Approximately 13 case reports on posterior rectus sheath hernias exist in the current literature with most cases developing in the long-term postoperative period (following previous robotic/abdominal hysterectomy, incisional/inguinal hernia repair, midline laparotomy) [3, 5–8]. However, to date, there have been no case reports on the acute development of a posterior rectus sheath hernia following LSCS. Interestingly, Ms KF’s defect was 10 cm superior to her Pfannenstiel incision.
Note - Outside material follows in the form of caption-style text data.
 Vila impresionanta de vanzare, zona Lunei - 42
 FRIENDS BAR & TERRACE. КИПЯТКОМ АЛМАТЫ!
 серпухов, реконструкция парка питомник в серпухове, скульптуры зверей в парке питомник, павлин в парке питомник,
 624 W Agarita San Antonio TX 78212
Thus, we hypothesise that this defect was created during the blunt longitudinal dissection of her fascia during entry and that a combination of the laxity of her fascia and the fascial closure technique (interrupted) contributed to the development of her hernia.
The diagnosis of a posterior rectus sheath hernia is challenging as it is often not visible or palpable because of the overlying abdominal wall musculature [3, 9]. This is even harder in acute postoperative patients who have had abdominopelvic surgery where it is difficult to distinguish hernia pain from regular postoperative pain and easy to assume that abdominal distension is rather secondary to either gas insufflation (if post-laparoscopy), a postoperative ileus or, in Ms KF’s case, her post-partum state. Whilst previous case reports have described the use of ultrasound and magnetic resonance imaging to diagnose posterior rectus sheath hernias, CT remains the imaging modality of choice as it can identify complications inside the hernia sac such as obstruction and strangulation [10].
In select cases of posterior rectus sheath hernias with symptoms of bowel obstruction, a diagnostic laparoscopy may be indicated [9]. However, the extent of lateralisation of Ms KF’s hernia sac (containing bowel) precluded safe port placement for a diagnostic laparoscopy. Thus, the decision was made to reopen her Pfannenstiel incision to explore her surgical wound. As with all other case reports of posterior rectus sheath hernias containing non-viable ischaemic bowel, a midline laparotomy and small bowel resection was performed [6].
CONFLICT OF INTEREST STATEMENT
None declared.
FUNDING
None.
DATA AVAILABILITY
Data sharing is not applicable to this article as no new data were created or analysed in this study.